I think I've got it. At least in my local tests, the handle pointer
being passed from C -> Python -> C was getting truncated at the Python
step because we didn't properly define the type. If the address assigned
was larger than would fit in a standard int then we passed what amounted
to a bogus pointer back to the C code, which caused the segfault.
I have no idea why privsep threading would have exposed this, other than
maybe running in threads affected the address space somehow?
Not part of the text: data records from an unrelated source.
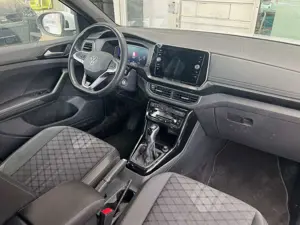 Volkswagen T-Cross 1.5 TSI 110 kW R-Line IQ Light Bild 4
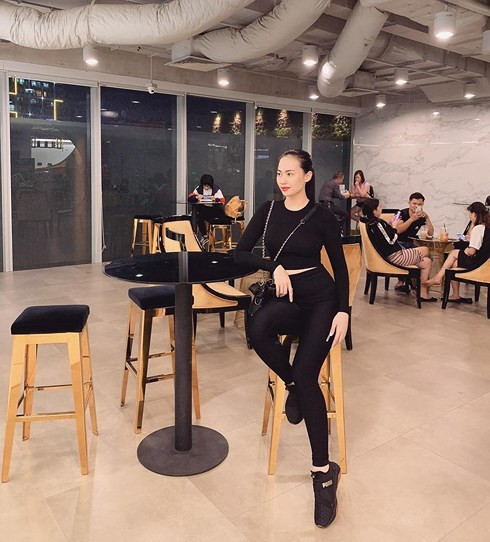 Gu thời trang nóng bỏng chết người của hotgirl bạn gái mới Quang Hải - Hình 3 Gu thoi trang nong bong chet nguoi cua hotgirl ban gai moi Quang Hai-Hinh-3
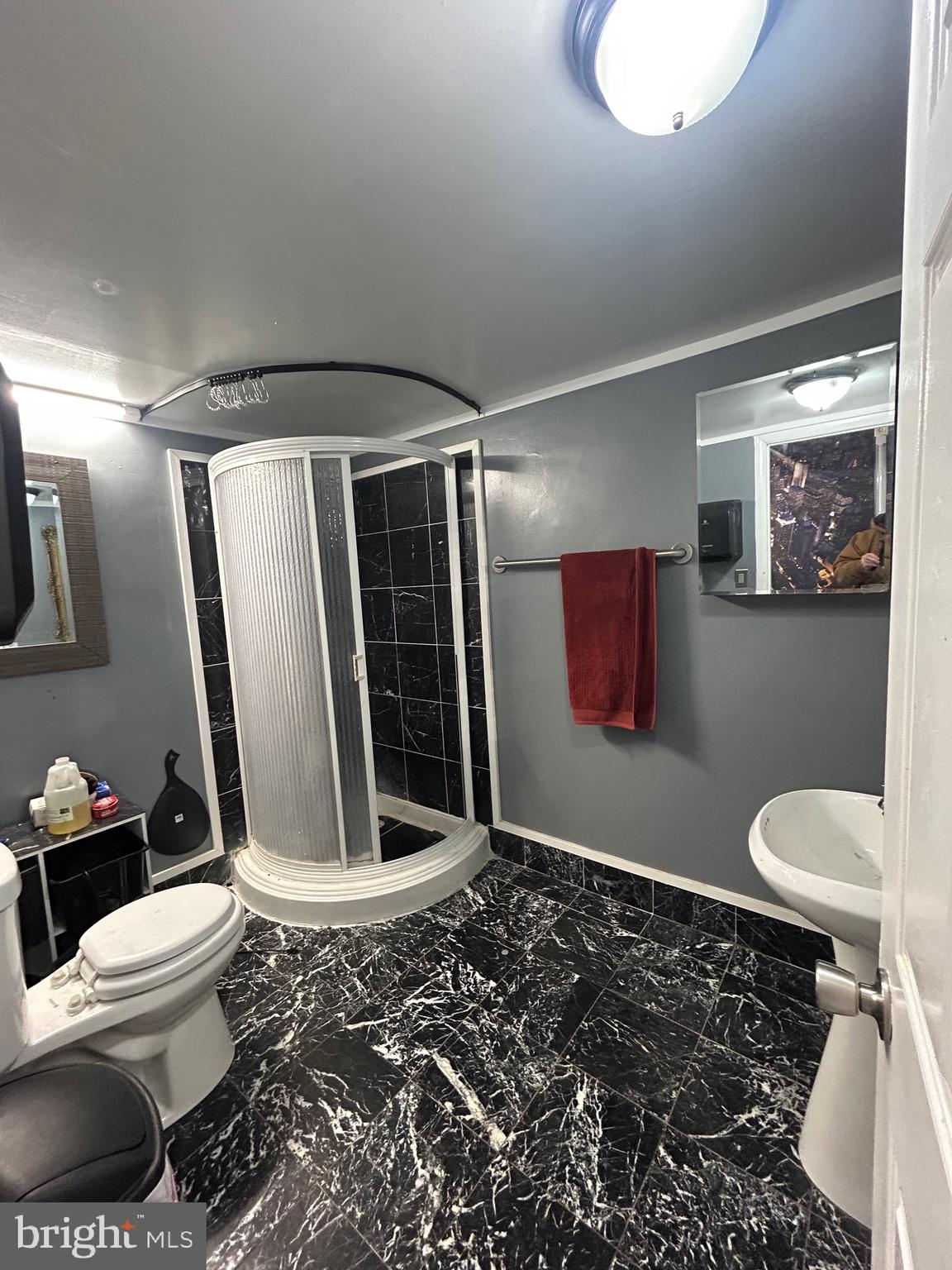 PRINCETON SQUARE - Residential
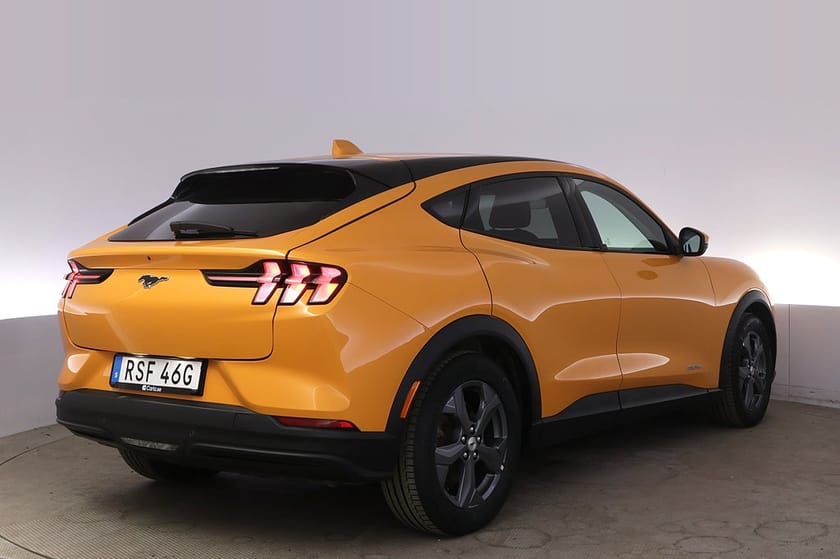 Bild 5 av Ford Mustang Mach-E Standard Range BLIS Kamera Läder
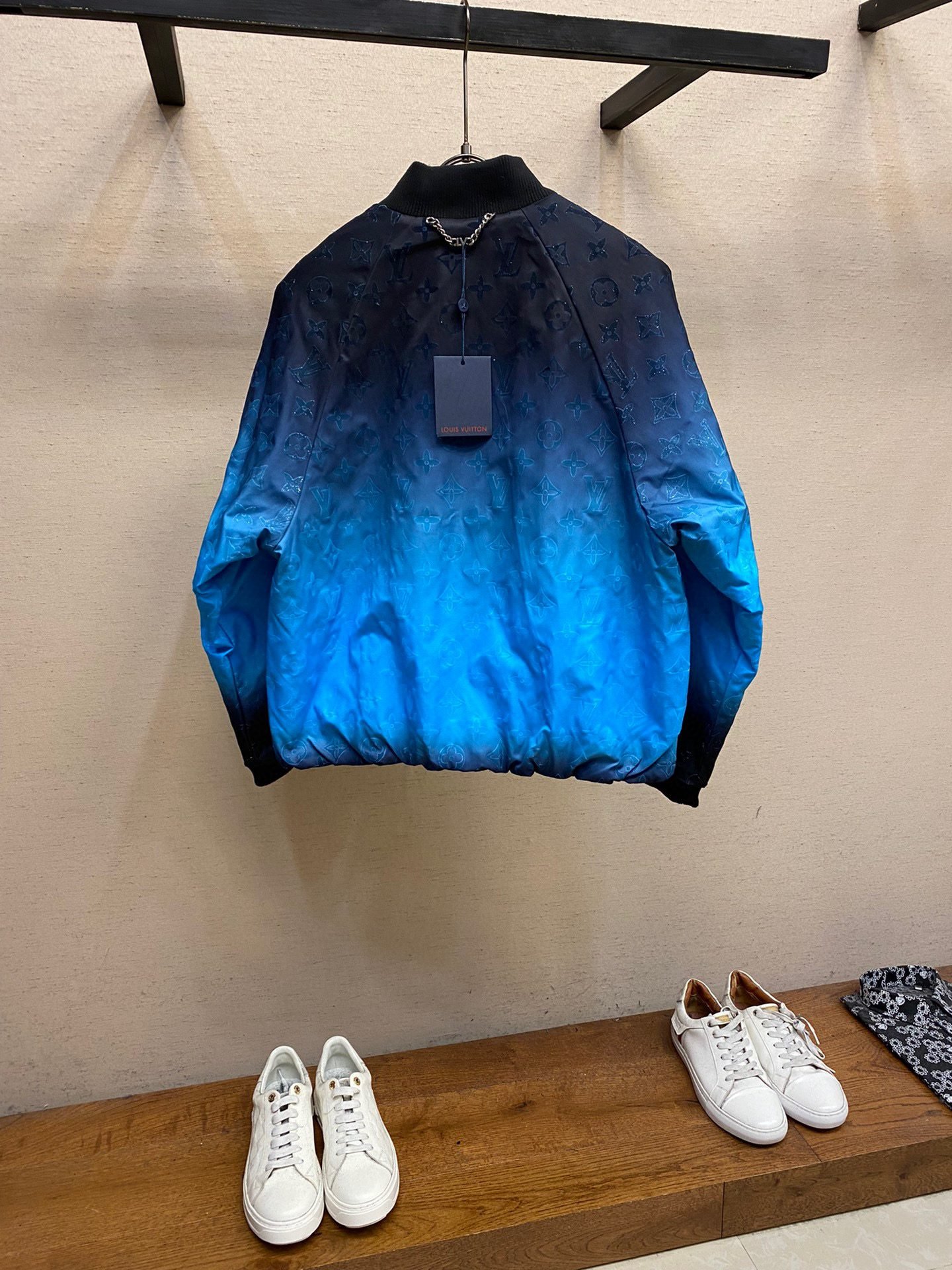 LV JACKET - Image 3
In any case, https://review.openstack.org/629335 has got these
functional tests working for me locally in oslo.privsep 1.31.0. It would
be great if somebody could try them out and verify that I didn't just
find a solution that somehow only works on my system. :-)
-Ben
On 1/8/19 4:30 PM, Ben Nemec wrote:
>
>
> On 1/8/19 2:22 PM, Slawomir Kaplonski wrote:
>> Hi Ben,
>>
>> I was also looking at it today. I’m totally not an C and Oslo.privsep
>> expert but I think that there is some new process spawned here.
>> I put pdb before line
>> https://github.com/openstack/neutron/blob/master/neutron/privileged/agent/linux/netlink_lib.py#L191
>> where this issue happen. Then, with "ps aux” I saw:
>>
>> vagrant@fullstack-ubuntu ~ $ ps aux | grep privsep
>> root 18368 0.1 0.5 185752 33544 pts/1 Sl+ 13:24 0:00
>> /opt/stack/neutron/.tox/dsvm-functional/bin/python
>> /opt/stack/neutron/.tox/dsvm-functional/bin/privsep-helper
>> --config-file neutron/tests/etc/neutron.conf --privsep_context
>> neutron.privileged.default --privsep_sock_path
>> /tmp/tmpG5iqb9/tmp1dMGq0/privsep.sock
>> vagrant 18555 0.0 0.0 14512 1092 pts/2 S+ 13:25 0:00 grep
>> --color=auto privsep
>>
>> But then when I continue run test, and it segfaulted, in journal log I
>> have:
>>
>> Jan 08 13:25:29 fullstack-ubuntu kernel: privsep-helper[18369]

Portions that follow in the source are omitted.